Your National Guide will follow the his/her bus group throughout the whole tour and will have selected an English first name to make it easy on you. It is our experience that Asia Holiday hires only the best of the best for this position and it is very competitive. Our experience is that they work their hearts out for you to serve and please you. Many of you will find you will want to adopt yours and bring him or her home with you.

When your National Guide gives you the next morning’s departure schedule (at the end of each evening), please make every effort to be on time - ON the bus and READY to go by or before that departure time - otherwise you may cause the bus to be late. Be sure that you get the word to your National Guide if you will NOT be joining your group that day for any reason – otherwise the whole bus may be waiting for you in vain.

Try to rotate the seating each day so that everyone has the opportunity to sit in front, in the middle and in the rear – to be fair to all. It is smart to keep whatever seat you take first thing each day for the rest of the day so you can leave things on the bus at your seat as needed when you are out touring. Please take note that the Local or City Guide will be giving you information throughout the bus rides to each place. Therefore, the bus rides are not a great time for private chit chat since it will make it hard for others to hear what is being said if the guide is competing with you. The bus rides are usually not very long between points and rarely will reach two hours at the very most. The 45-to-48 passenger buses normally have only 30 people aboard. They are not equipped with restrooms. We are all human, so if you have an emergency, let someone know to see what can be done about it.

In summary: ****PLEASE be on time - or early - for bus departures! It holds up the whole group when you are late. Our sightseeing schedules are very full and delays really compromise the wonderful plans of the tour guides. The buses have the right to leave on time … with or without you! Also, try to switch around where you sit each day and do not hog the front seats or the rear ones. Rotate as well as you can without any formal plan (too cumbersome) – unless your bus votes to work out its own plan. Let everyone have a chance at a good seat at some point and share the fun! One last thought - you will be amazed at the skill of the bus drivers – they are phenomenal.


Your National Guide will hand out hotel room “keys” on the bus as we approach each new hotel for our first arrival there. You will be asked to surrender your passport overnight on your first arrival at the hotel in Shanghai. Many countries in Europe hold onto your passport throughout your stay, but here they will make copies for the records to use for all the other hotels in hopes of not needing to do this again. We are always assigned non-smoking floors. You will not see them vacuum your room on a daily basis but they will take care of all the linens and clean the bathrooms.
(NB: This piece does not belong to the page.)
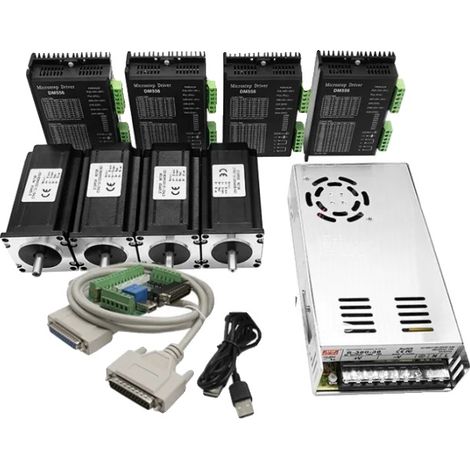 Moteur Pas à Pas, NEMA23, Prend en Charge le Contrôleur MACH3, Carte LPT, Pilote DM556 (1/2)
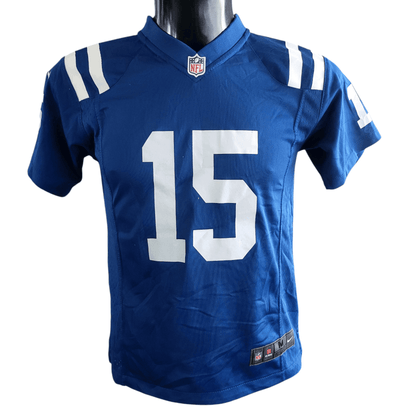 Phillip Dorsett 15 Indianapolis Colts Jersey Youth Medium - Nike NFL Team Apparel in Royal Blue - USASTARFASHION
This is standard in all hotels and also on the cruise ship. Vacuuming only occurs between check-out and check-in. It is not unusual for there to be a doorbell outside your room for hotel rooms in China. Often there is a center console between 2 beds that gives you control for turning on and off everything in the room. Your hotel plastic card “key” is often used to place in a holder inside the main door of your hotel room to allow the electricity to be on or off. When you leave to have breakfast at each hotel or leave to tour, removing your card will turn off all electricity automatically. We have discovered that placing a business card behind the plastic hotel room keycard in that slot - and then removing the hotel keycard will sometimes fool this system and allow lights, etc., to remain on – which may come in handy if at any time the hotel provides only one keycard per room with two occupants (this is happily a rare occurrence).
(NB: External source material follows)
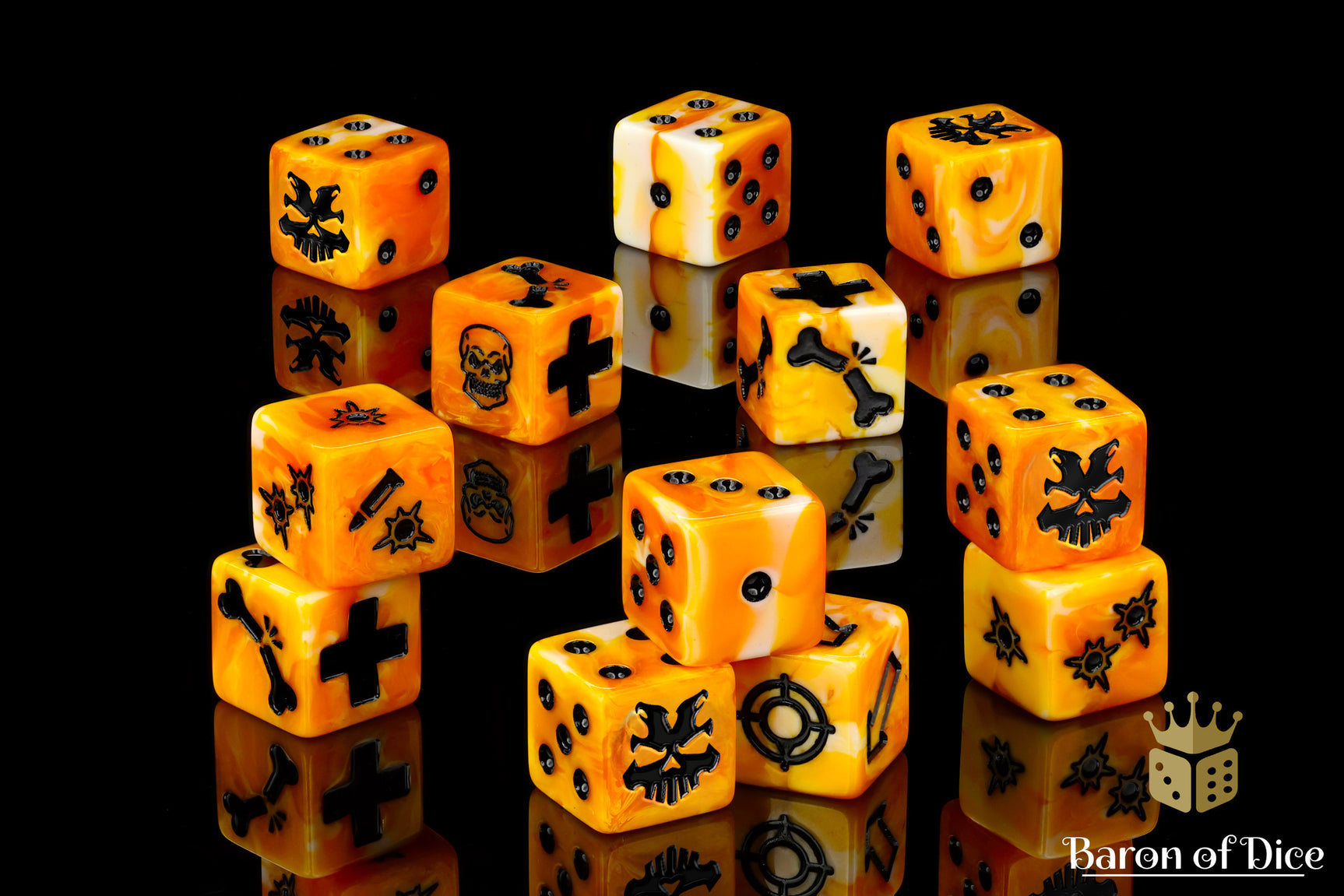 Tiger Stripe Dice - Skirmish Set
All rooms are checked for damaged, broken, or missing items (including items for sale in the room) before they allow our buses to depart after check-out from each hotel. Please be careful about availing yourselves of things that may appear to be free in the hotel rooms. Anything that is missing that is a charged-for item will be counted and a list will be presented to us for payment along with the room number(s) involved – and you will get embarrassed! If you decide you want to buy something that is in the room (NOT recommended), be sure to go to the hotel desk to settle your bill well before departure time and get and KEEP a receipt as proof. Also if you break anything and settle that bill well before check-out, be sure to get and keep a receipt of that as well.

Most hotels will have one bottle of water per person for free waiting for you. If the bottle of water has a tag on it, it is NOT free and is probably an upscale brand for sale. The charge for broken or damaged items is quite high in our opinion, but the occupant of the room will be expected to pay the full amount before any of us can leave.

If you avail yourself of the Internet, either in-room or through the Business Center, please be sure to settle that bill well in advance of a departure (night before or early morning of the day we check out of each hotel).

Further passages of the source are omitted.